Thursday, March 26, 2015

Abraham Lincoln: "C" List Speaker?

I hold a grudging admiration of Abraham Lincoln. His personal story inspires and amazes. A fitting emblem of a hardier time, he knew the cost of physical labor, the importance of self-improvement, and the value of reasoned explication of the principles to which he adhered. At the same time, he held an odious opinion regarding the ability of whites and blacks to co-exist. Worse, in pursuit of saving the Union, he undertook a regrettable assault on civil liberties, adopted a program of involuntary servitude, and imposed an unconstitutional income tax.

Still, this autodidact was a master rhetorician. Consider, for example the profundity of his 272 word address at the dedication of a battlefield cemetery at Gettysburg:




Lincoln was not the marquis speaker that day in Gettysburg. That honor fell to Edward Everett, a renowned American orator, Massachusetts governor, member of Congress, and President of Harvard University. His oration, which preceded Lincoln’s, extended two hours. Lincoln’s remarks, by contrast, extended two minutes. Everett recounted the battle of Gettysburg, illuminated its causes, costs, and consequences, and likened this act of State – the dedication of a national battlefield cemetery – to the solemn and somber honors by the Athenians to noble and honored war dead.


For all its force, emotion and power, Lincoln’s 272 words are, to this day, among the most recognized of public remarks. Brevity, however, was not his only rhetorical tool.

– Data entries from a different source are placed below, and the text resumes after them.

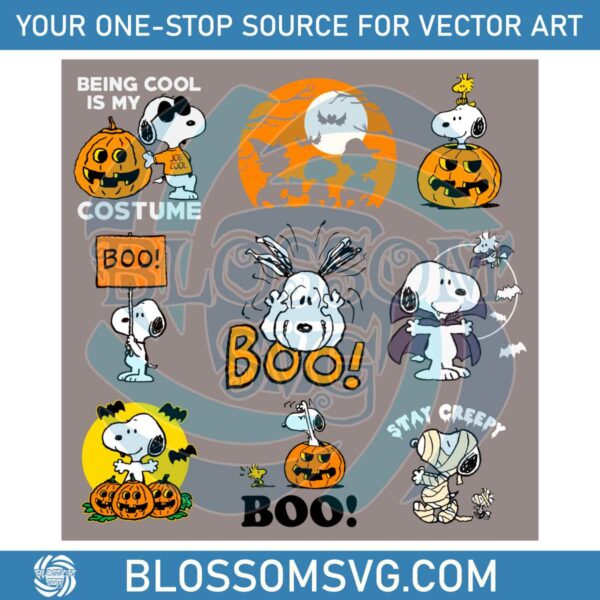 Horror Peanuts Snoopy Halloween Pumpkin Bundle SVG Files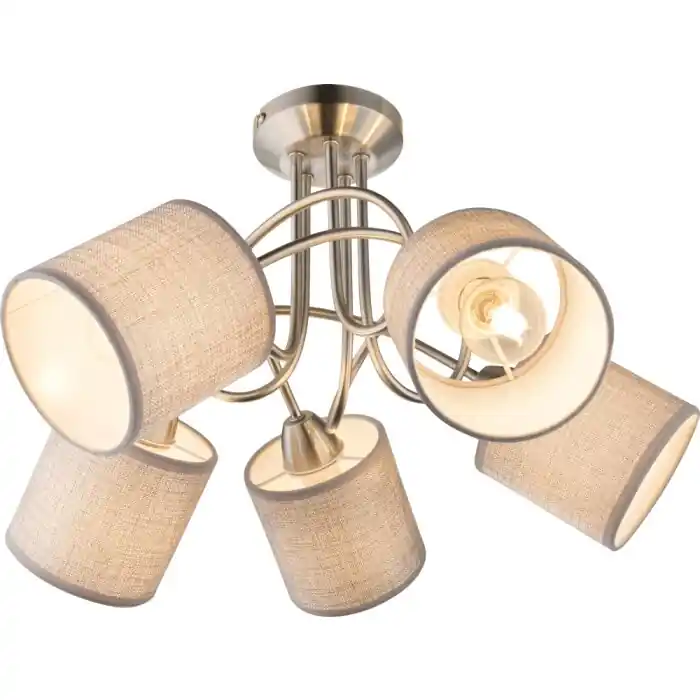 Comprar En Línea Globo Paco Lámpara de Techo Níquel-mate, 5 luces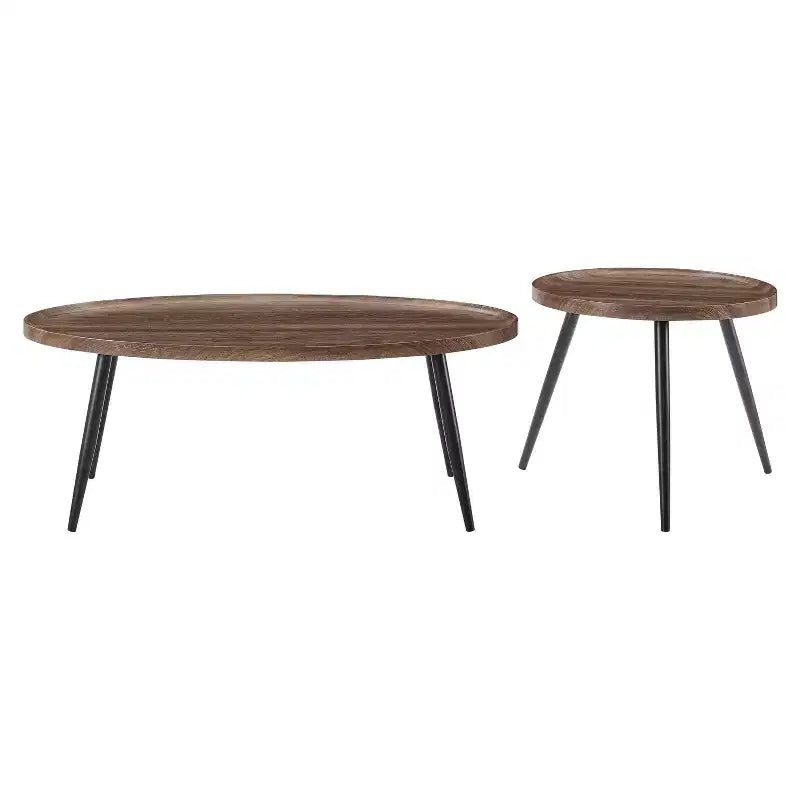 2pc Paxton Round & Oval Mid-Century Coffee Table Set Walnut: Storage, Tapered Legs, Laminated Surface, Scandinavian Style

Lincoln, a lawyer, mastered facts, sifted principles, and spoke plainly. Among his extended speeches, his speech at the Cooper Institute in 1859 is my favorite. Lincoln’s address is often referred to as the Cooper Union address. It was one of a series sponsored by the Brooklyn, New York church of leading abolitionist Henry Ward Beecher. When Lincoln agreed to give a speech on the condition that it might be a political one, the Young Republicans of New York assumed sponsorship of the event and the venue was moved to the Cooper Institute.

In the Cooper Union address, line by line, precept by precept, Lincoln built a case that soundly and completely refuted the two year old decision of the Supreme Court in Dred Scott v. Sandford. In Dred Scott, the Supreme Court ruled that Congress lacked power under the Constitution to restrict slavery in the federal territories. Lincoln’s scholarly refutation built the case that the majority, at least, of the Framers of the Constitution expressly held the view that Congress would have power to regulate and restrict slave-holding in the territories.

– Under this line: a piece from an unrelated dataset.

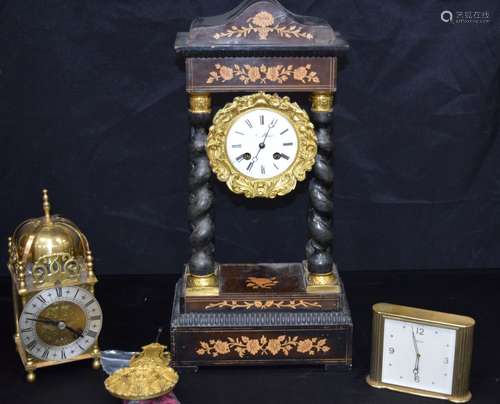 A wooden inlaid mantle clock together with a Smiths brass cl...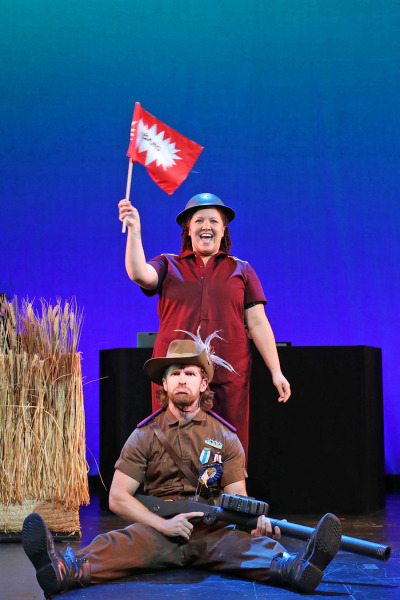 LaRaisha DiEvelyn Dionne and Taylor Matthew in Goodspeed's The Great Emu War. Photo by Diane Sobolewski.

But Lincoln did more than refute the contemptible Dred Scott decision (contemptible for its miasmic contention that blacks were not, nor could ever be, citizens within the meaning of that term as used in the Constitution). He set in sharp relief the severe conflict that would fulminate and then culminate in the War between the States:





Lincoln’s Cooper Union address, and others made on the same East Coast and New England tour, was the equivalent in Lincoln’s day to modern politicians’ trips to Iowa and New Hampshire. As it turned out, the October 1859 address likely set in motion Lincoln’s nomination as the Republican candidate for President.

In the immediate aftermath of the speech, a small scandal threatened.

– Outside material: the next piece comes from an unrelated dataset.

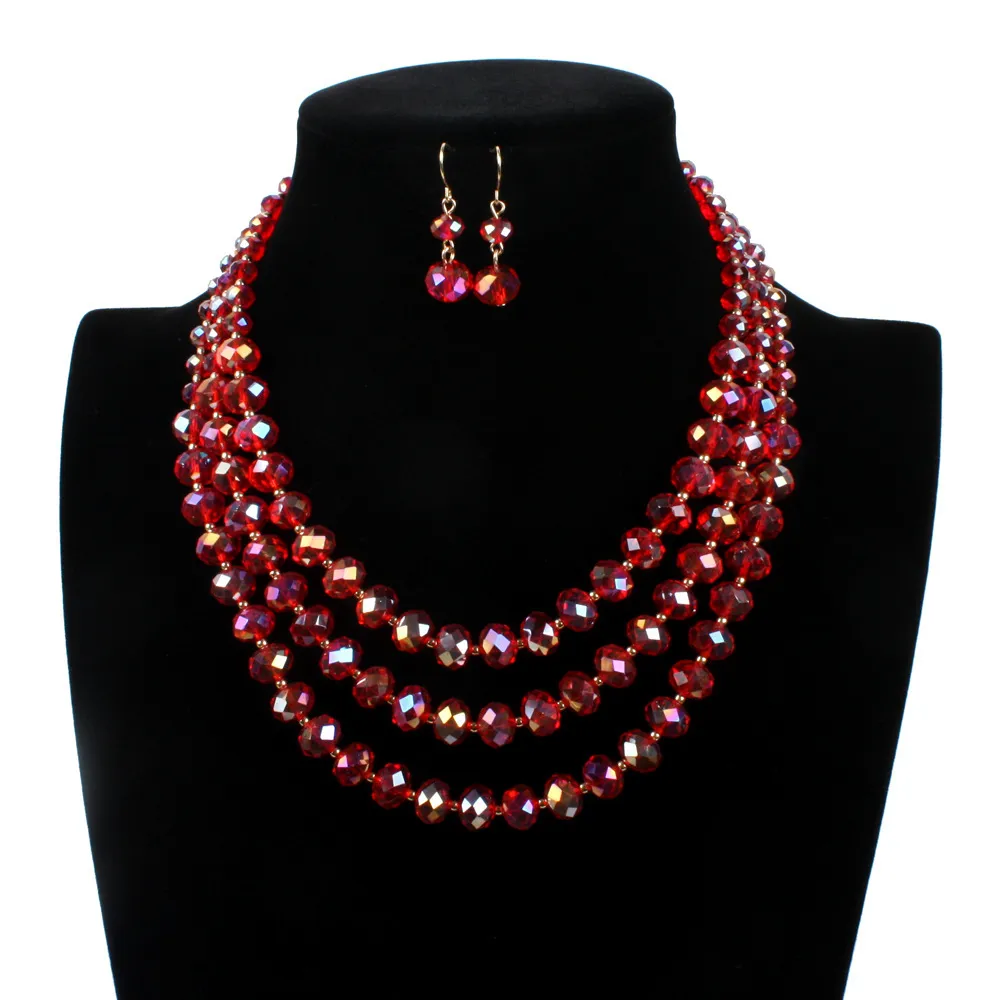 Uddein Multi Layer Övergripande Glass Crystal Halsband För Kvinnor Nigerianska Bröllop Indiska Smycken Ställer in Brudtillbehör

It was alleged that Lincoln was paid to give the speech. In his correspondence, in fact, he acknowledges receiving the sum of Two Hundred Dollars for expenses and the like. By today’s standards, that seems a modest sum. Allowing for inflation and the change in the value of the dollar between 1859 and today, he received then the equivalent of about $5700.00 in 2015 dollars for the address (although, as it seems, he also made substantial inroads to the Republican nomination with the speech).

Imagine that! Fifty seven hundred dollars paid in order to host, and to hear from, an attorney not then leading in polling inside his own political party. Second-, even third-tier, colleges and universities could afford such a speaker. But with such a discount rate, such a speaker would likely have been priced out as insufficiently lucrative to be managed by any self-respecting speakers’ bureau, according to this post from Nick Morgan.

In fact, as it turns out, Lincoln’s $200.00/$5700.00 speech marks him as quite the piker. In contrast, according to this post, Bill and Hillary Clinton each price out at about $200,000.00 per speech. Another way to think about those numbers is their value in 1859 dollars. It turns out to be a less-than-flattering comparison for Mr. Lincoln. Lincoln speaks for $200.00; Bill and Hillary can only be had for about $7,000.00. Even a time-traveling Karl Rove, the Republican operative, would have drawn a more princely sum than Lincoln, his current draw of about $25,000.00 per speech would have cost $825.00 in 1859 dollars.

And there you have it. Whether tyrant, or savior of the Union … the Great Emancipator or jackbooted thug. The most polarizing and passionate and reasoned man of his, and of many other, generations, a C List speaker!